Des chercheurs suédois s’inquiètent de l’augmentation du risque de lymphomes chez les personnes tatouées.
Même si elle remonte à la nuit des temps, la pratique du tatouage fait régulièrement l’objet de nouvelles études. La communauté scientifique s’interroge en effet toujours sur sa toxicité à court, moyen et long terme. Si la plupart du temps, tout se passe bien, des complications peuvent toutefois surgir, soit directement après la séance de tatouage, soit beaucoup plus tard. La majorité d’entre elles sont déjà connues : le risque d’allergie (principalement en cas d’utilisation de la gamme de couleurs rouge/orange) est le plus fréquent, le tatouage pouvant provoquer des démangeaisons, un gonflement ou une réaction de type urticaire.

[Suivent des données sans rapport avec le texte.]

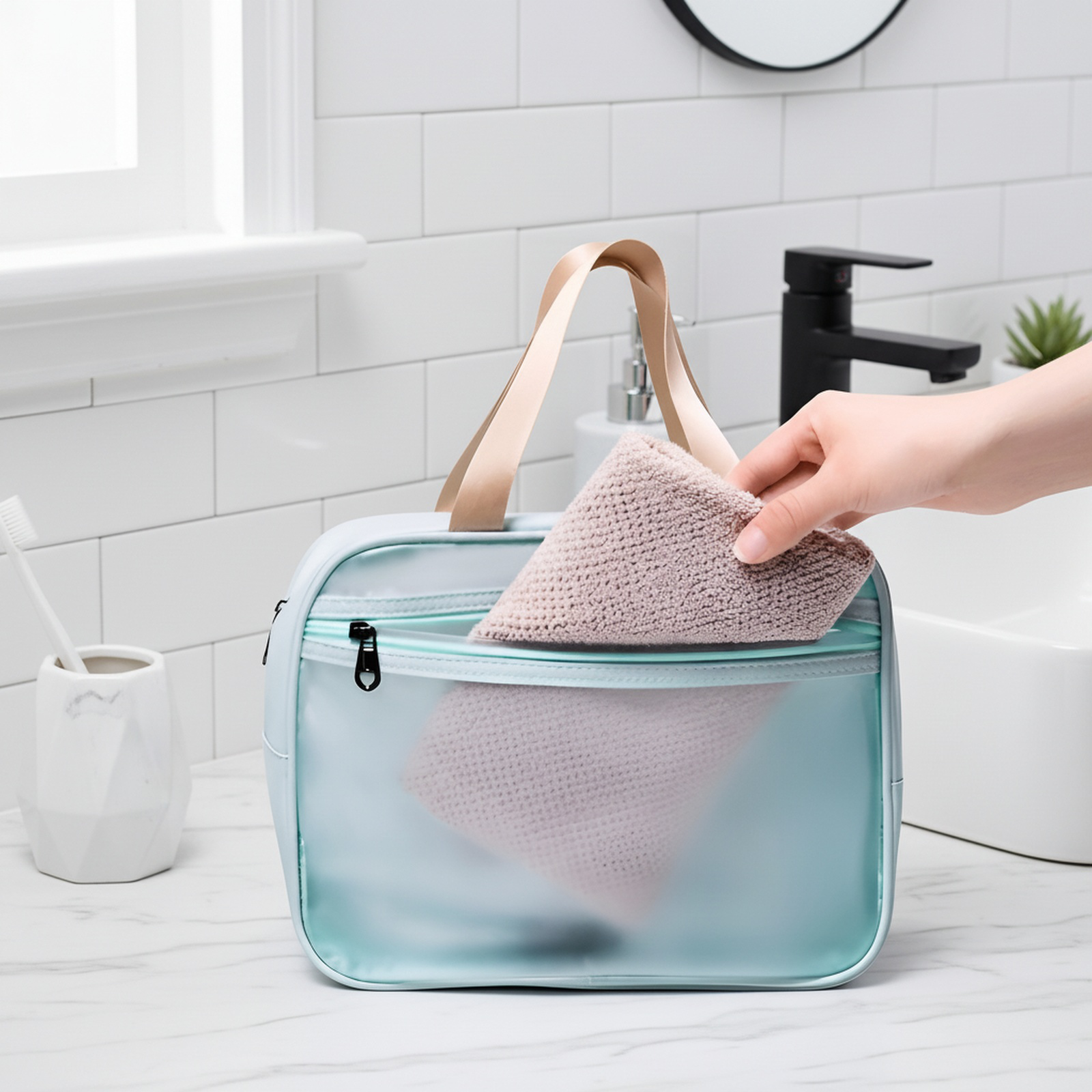 Large Capacity Wet and Dry Separation Cosmetic Bag
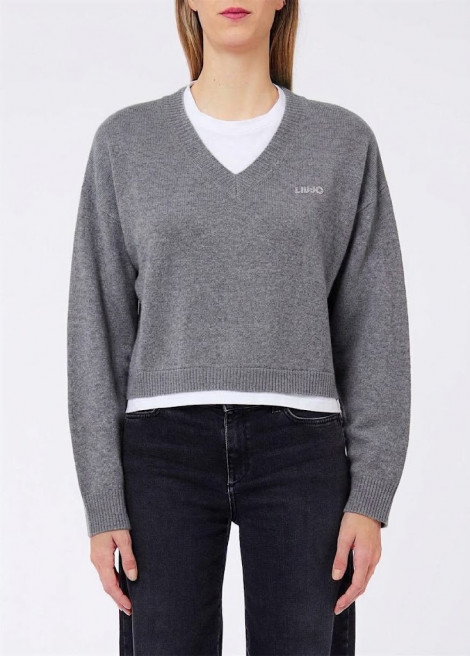 Liu Jo Jersey punto gris cuello doble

Des complications de type infectieux peuvent également se produire au moment du tatouage, par inoculation soit d’une bactérie, soit d’un virus transmissible dans le sang, due à la contamination du matériel utilisé (encre et aiguilles), ou plus tard, lors de la cicatrisation, si les soins sont inappropriés. La vaccination contre l’hépatite B est d’ailleurs recommandée avant de passer dans le salon de tatouage.